- _WORK TO BE COMPLETED_: Reproduce exactly the lines from the start of the records through the line containing "MERCEDES-BENZ E 300 d 4M", both included. Leave the pictures out.

- _SUPPLIED INFORMATION_:
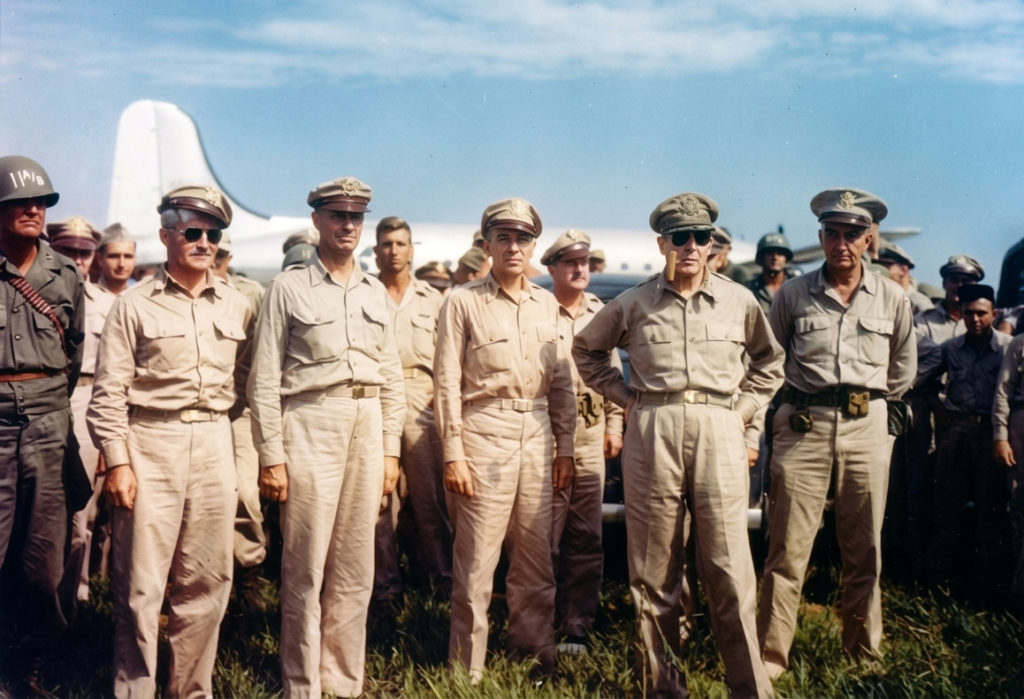 1945年8月30日、厚木基地に到着した直後のマッカーサー元帥とサザーランド中将ら一行。サングラスをかけ、コーンパイプをくわえて腰に手を当てるマッカーサーの姿。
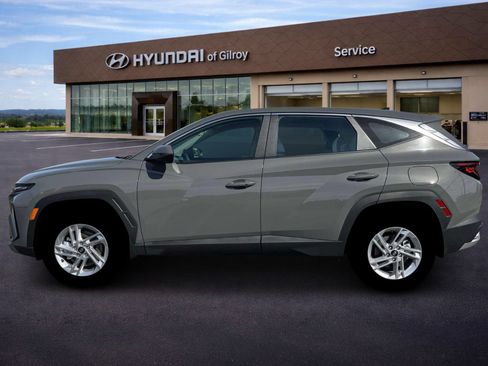 New 2026 Hyundai Tucson SE AWD/4WD image 3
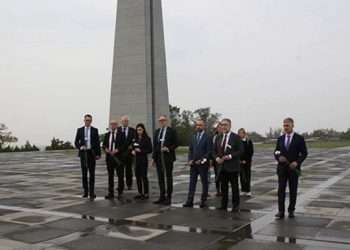 Депутаты Национального совета Швейцарской Конфедерации посетили Цицернакаберд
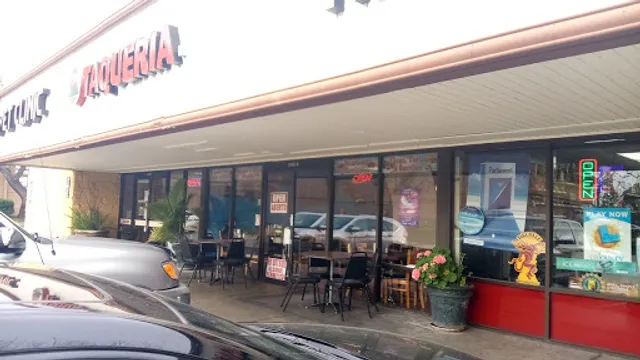 Perla's Taqueria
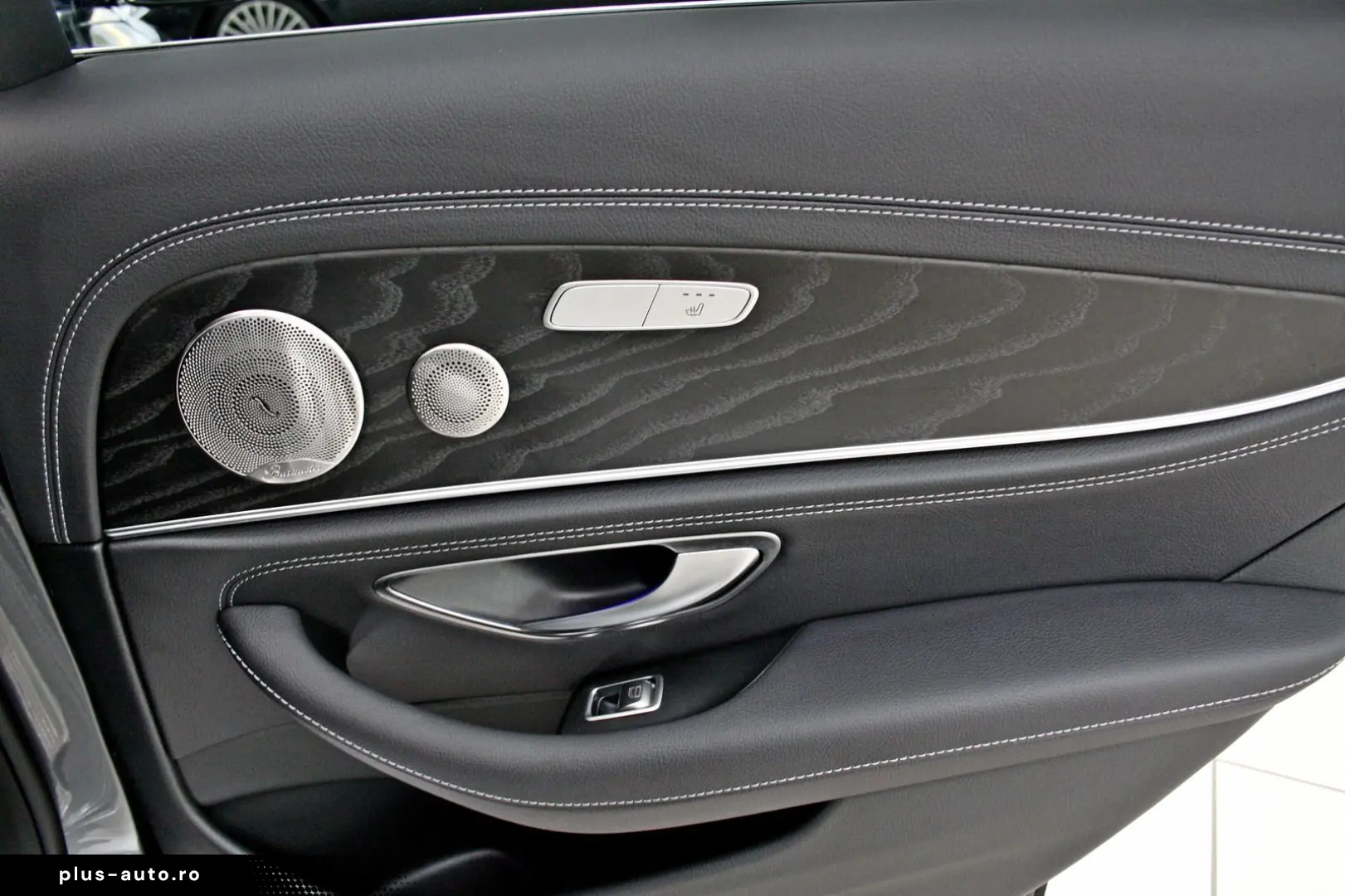 MERCEDES-BENZ E 300 d 4M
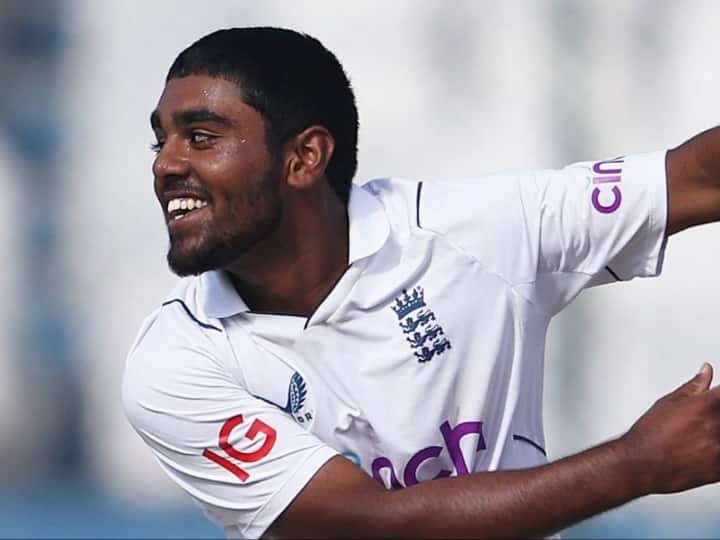PAK vs ENG: England's debutante Rehan Ahmed become first and youngest English bowler to take 5 wicket in test debut know details PAK vs ENG: डेब्यू में 5 विकेट लेने वाले सबसे युवा इंग्लिश गेंदबाज बने रेहान अहमद, विश्व में हासिल किया छठा मुकाम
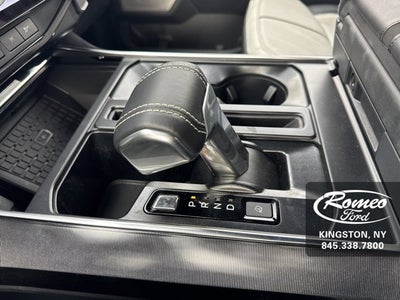 2025 Ford F-150 Lightning Platinum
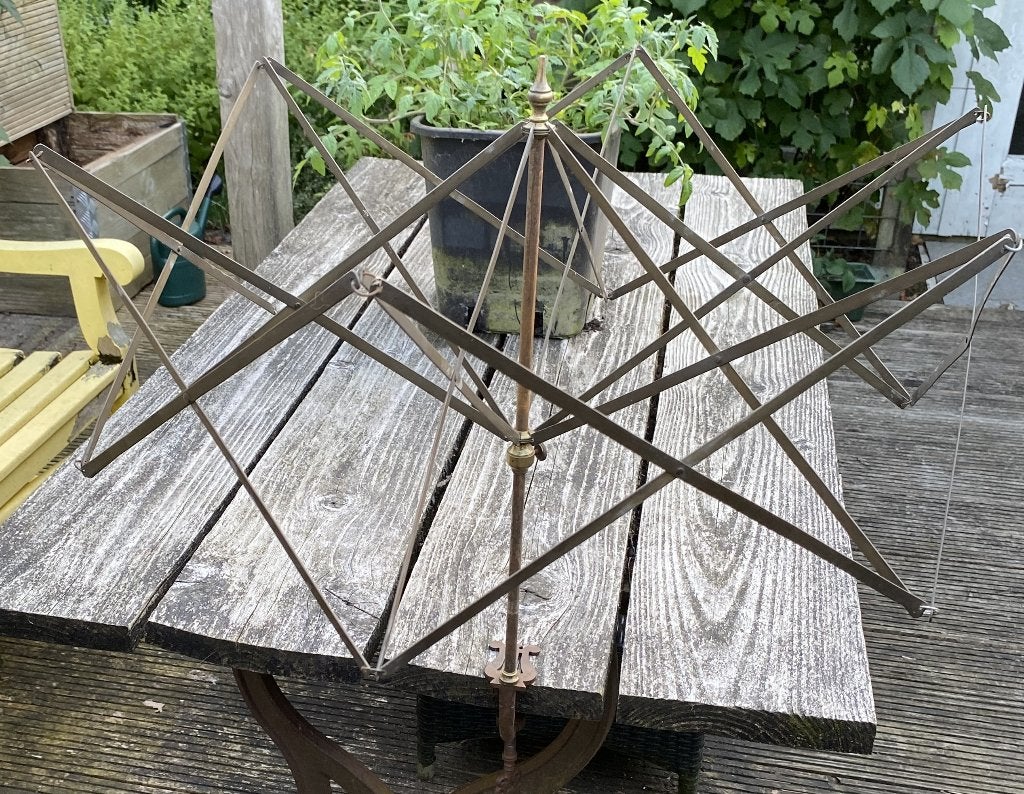 Leuke Metalen Parapluhaspel - wolhaspel yarn swift antiek, Hobby en Vrije tijd, Ophalen of Verzenden, Gebruikt, Overige typen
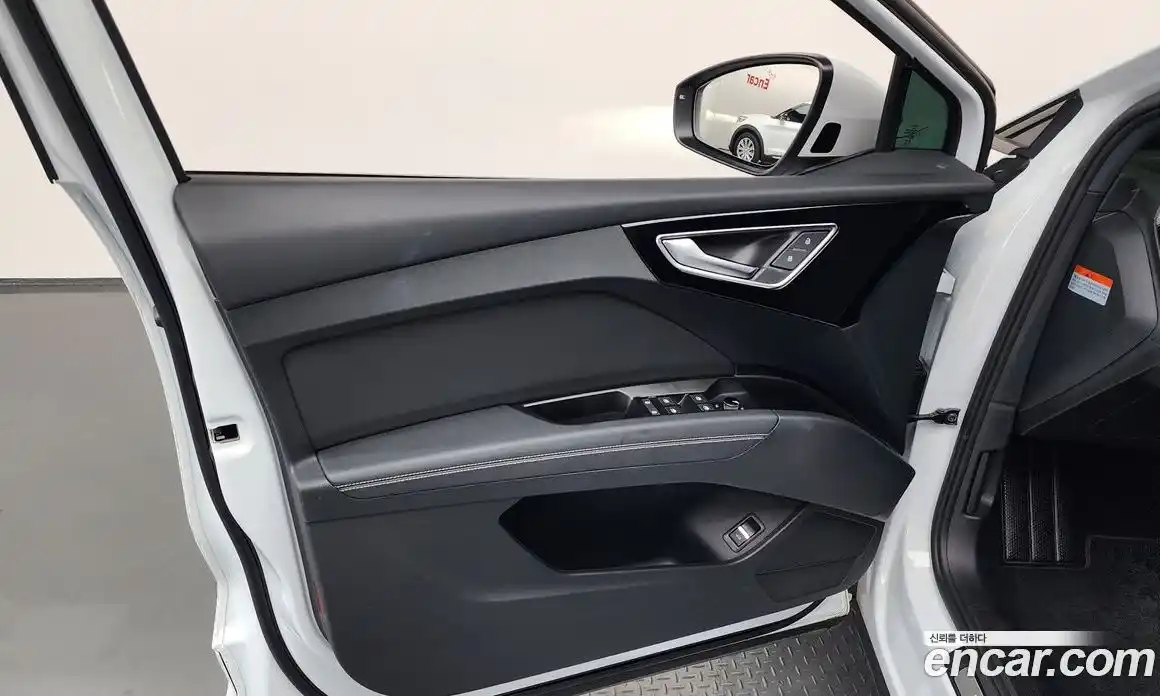 Audi Q4 e-tron 2023 0.2 автомат (гидро), фото 14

- _OUTPUT OF THE TASK_:
 1945年8月30日、厚木基地に到着した直後のマッカーサー元帥とサザーランド中将ら一行。サングラスをかけ、コーンパイプをくわえて腰に手を当てるマッカーサーの姿。
 New 2026 Hyundai Tucson SE AWD/4WD image 3
 Депутаты Национального совета Швейцарской Конфедерации посетили Цицернакаберд
 Perla's Taqueria
 MERCEDES-BENZ E 300 d 4M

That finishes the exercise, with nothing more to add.